Because I also don’t slowly walk around the mall alone with a latte as much anymore either. I don’t spend Sundays watching whatever marathon is on TV or finishing an entire book in one sitting. I can’t just freely decide to stay out later than originally planned on a Saturday night because I’m having too much fun. Sometimes it’s from being on duty alone when my husband is busy. Usually it’s because after working during the day, I owe it to my daughter to focus off-time on what she wants to do. She doesn’t want to sit quietly while I enjoy a Friends marathon. Instead, we go to the park or play with puzzles or take out the Minnie Mouse Big Wheel.

So life isn’t as free and luxurious and carefree anymore, but I’m no martyr; I still fit in time to nap on the weekends.

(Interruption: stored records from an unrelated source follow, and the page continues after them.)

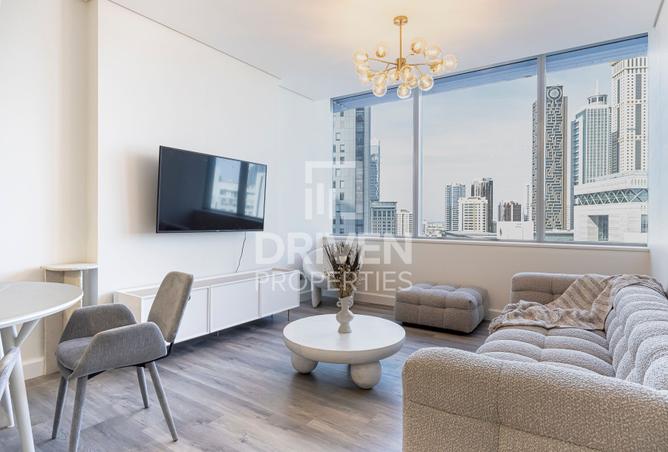 15137107 - Property Image 3
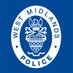 Stourbridge Police (@StourbridgeWMP) Twitter profile photo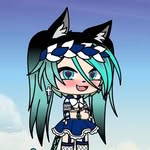 @_.tea._wolf._ - Instagram
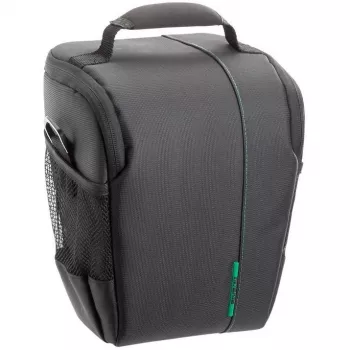 Kotelo Rivacase 7440 (PS) SLR musta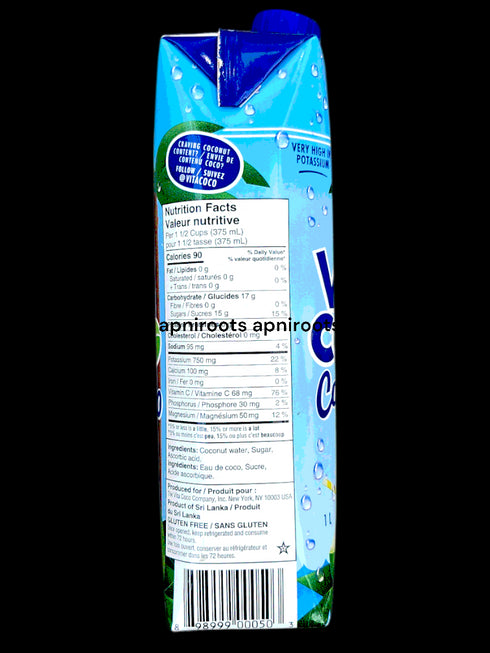 vita-coconut-water-1lt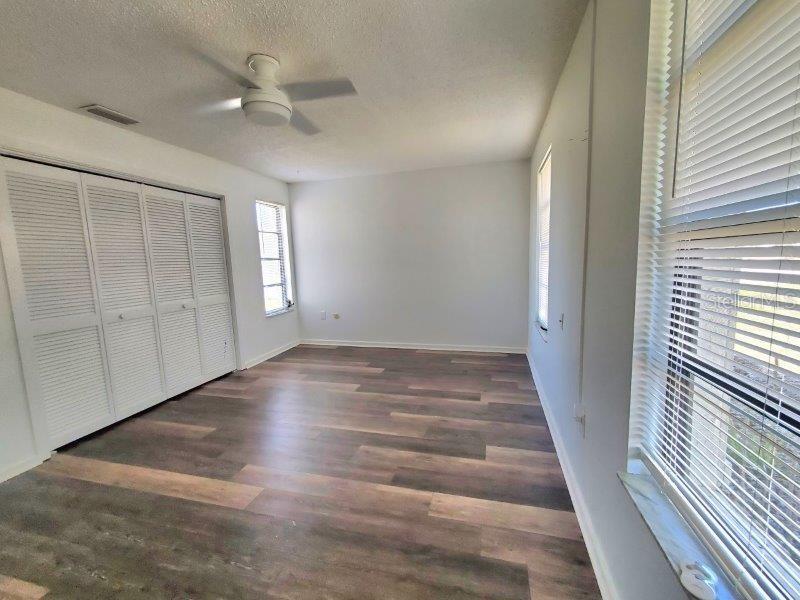 3795 TRIPOLI BLVD, PUNTA GORDA, FL, 33950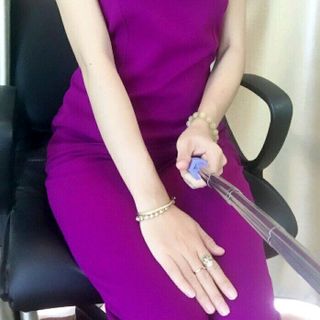 Bộ nơ tay kiểu
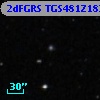 2dFGRS TGS481Z183
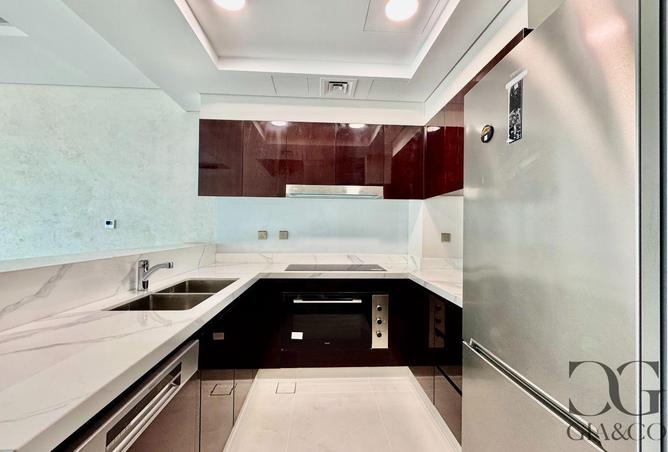 15799037 - صورة العقار 3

If my husband is home to handle the toddler, why not relax and recharge for an hour or so? Why not run some errands alone if I don’t have to drag along the pouty two-year-old? Why not browse the sale rack at Banana Republic with a latte in hand for a bit?

I have found that transitioning to parenthood means finding a new mix of balancing your old life, preferences, and habits with your new, busy reality.

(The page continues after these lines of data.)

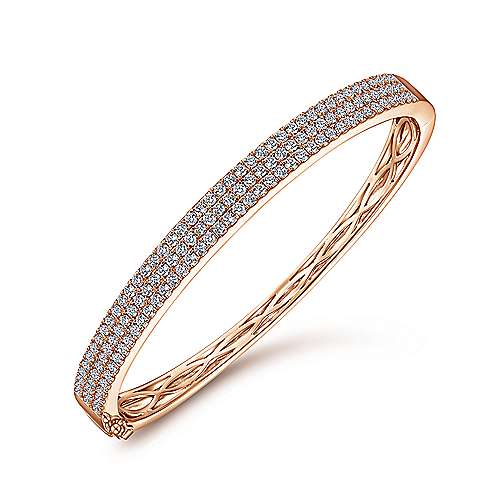 Minimalist outlet Slice diamond cuff bangle rose cut diamond bangle gold bracelet diamond polki bangle uneven diamond bangle Valentine Gift for her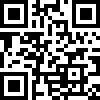 https://isna.ir/xdDmfg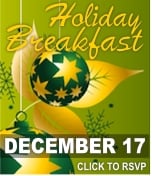 Celebrating 25 Years, November 12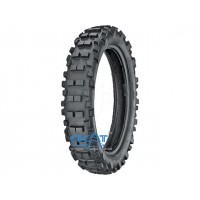 Kenda K779 140/80 R18 70R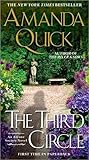 The Third Circle by Amanda Quick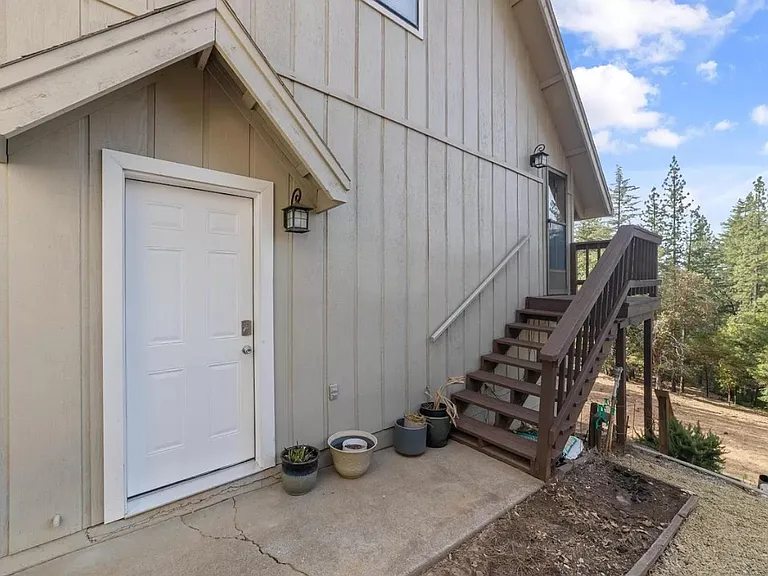 3146 Buckeye Ct — Photo 16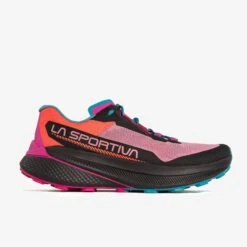 La Sportiva - Prodigio - Femme(La Sportiva Prodigio Femme 56r)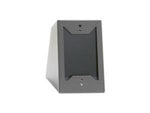 DC-1G Desktop or Wall Mounted Chassis for Decora&#x00ae; Remote Controls and Panels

I don’t think it’s practical to have to change so many things about yourself so suddenly. By the time you have kids, you kind of already are the way you are. You have certain likes and dislikes, and changing too much is going to make you boil over at some point.

So you have to find a way to incorporate things that make you “you,” while facing the reality that your time isn’t nearly as open. I’m someone that needs to recharge with some alone time (and naps, when I can). When my husband and I aren’t at work, and we have some down time, I try not to feel guilty for taking an hour to myself here and there. He fits in alone time too, between going to the golf range or meeting a friend for happy hour. We try to fit in these parts of the “old us” when possible.

Admittedly, this is easier to accomplish while we’re the parents of only one kid. But ultimately, being refreshed and energized helps us to be a better parents overall. I know I personally don’t do as well when I’m frazzled, tired, and overworked. We’ll have to adjust accordingly when we add to our family one day so we can still fit in our “me” time.